Exercise prompt:
Copy the listing below in full and skip every picture.

━━ Provided information ━━

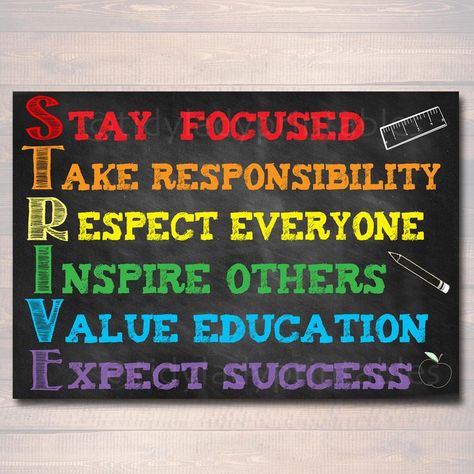 Wall Of Wow Bulletin Board, Growth Mindset Classroom Decor, Motivational Bulletin Boards, Wall Art School, Growth Mindset Classroom, Motivational Printables, Classroom Expectations, School Hallways, Values Education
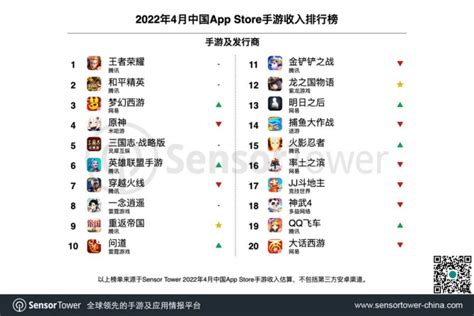【手机游戏】1月手游发行商收入榜：腾讯重回榜首，米哈游收入环比增长52%-3楼猫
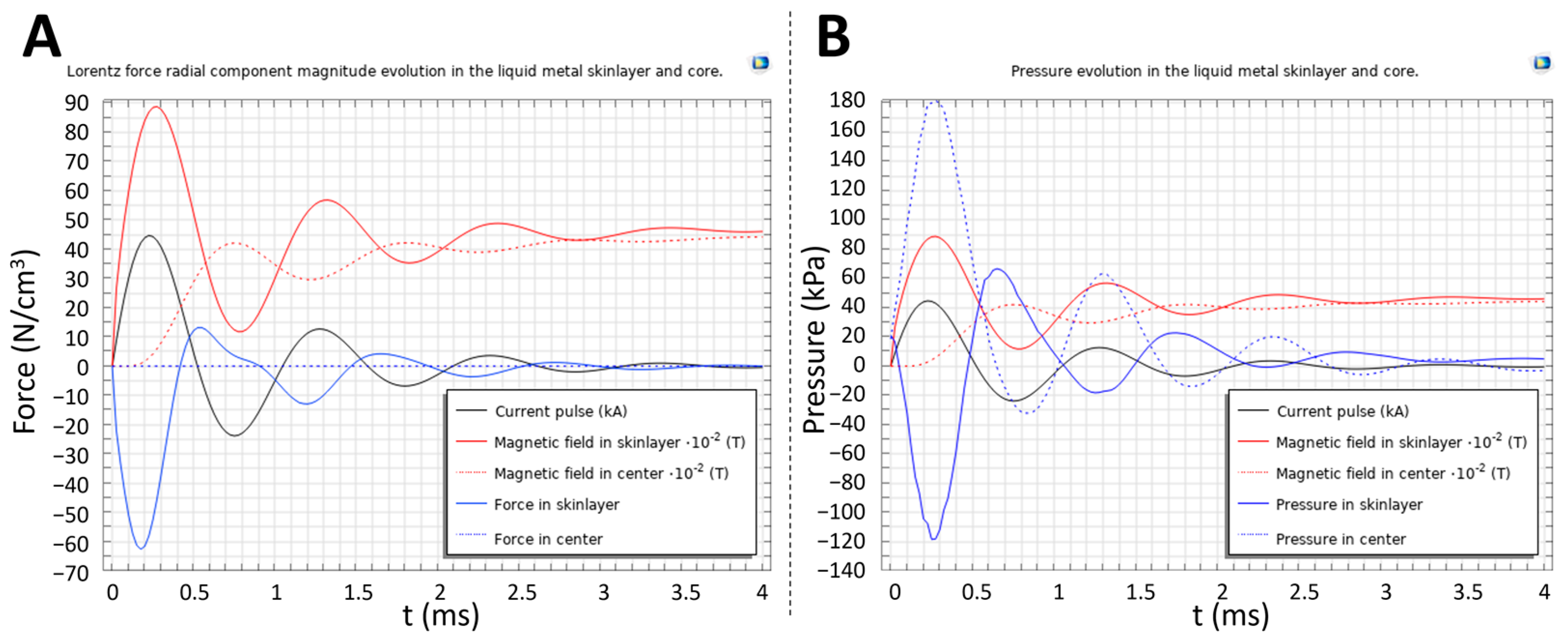 Crystals 13 00259 g004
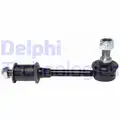 Stabilizator palca - Delphi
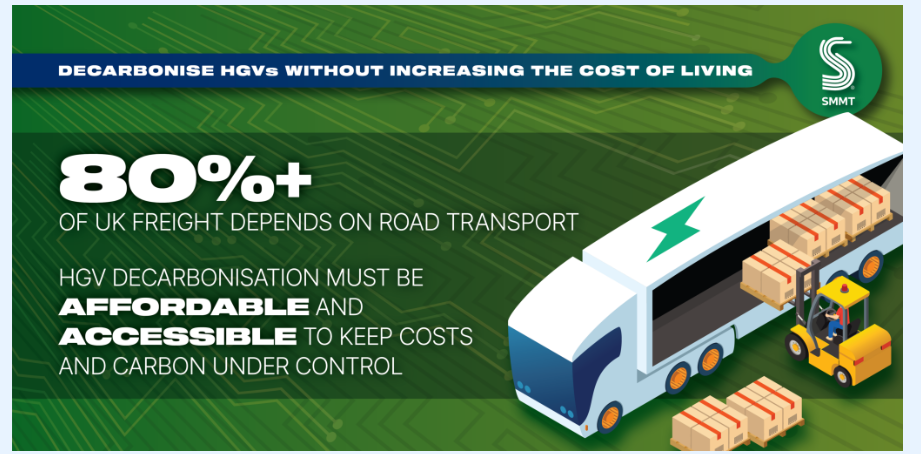 Truck industry urges technology-open transition as ZEV uptake stalls_3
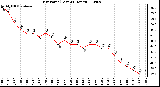 Milwaukee Weather Dew Point (Last 24 Hours)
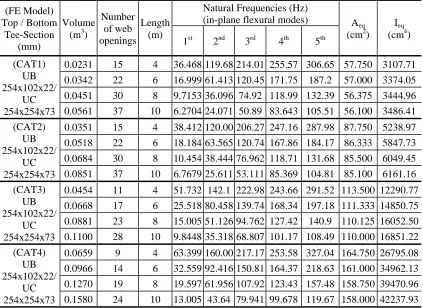 Table 2. Natural frequencies from FE modal analysis and equivalent properties corresponding to Euler-Bernoulli beams of constant cross-section for various USFBs  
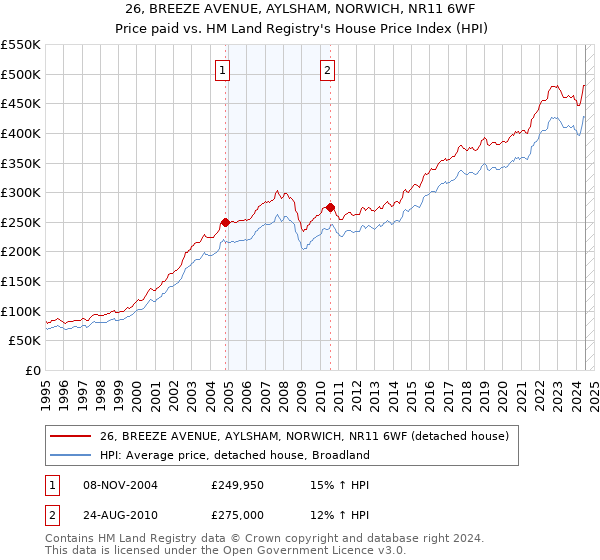 26, BREEZE AVENUE, AYLSHAM, NORWICH, NR11 6WF: Price paid vs HM Land Registry's House Price Index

━━━

Answer to this problem:
 Wall Of Wow Bulletin Board, Growth Mindset Classroom Decor, Motivational Bulletin Boards, Wall Art School, Growth Mindset Classroom, Motivational Printables, Classroom Expectations, School Hallways, Values Education
【手机游戏】1月手游发行商收入榜：腾讯重回榜首，米哈游收入环比增长52%-3楼猫
 Crystals 13 00259 g004
 Stabilizator palca - Delphi
 Truck industry urges technology-open transition as ZEV uptake stalls_3
 Milwaukee Weather Dew Point (Last 24 Hours)
 Table 2. Natural frequencies from FE modal analysis and equivalent properties corresponding to Euler-Bernoulli beams of constant cross-section for various USFBs  
 26, BREEZE AVENUE, AYLSHAM, NORWICH, NR11 6WF: Price paid vs HM Land Registry's House Price Index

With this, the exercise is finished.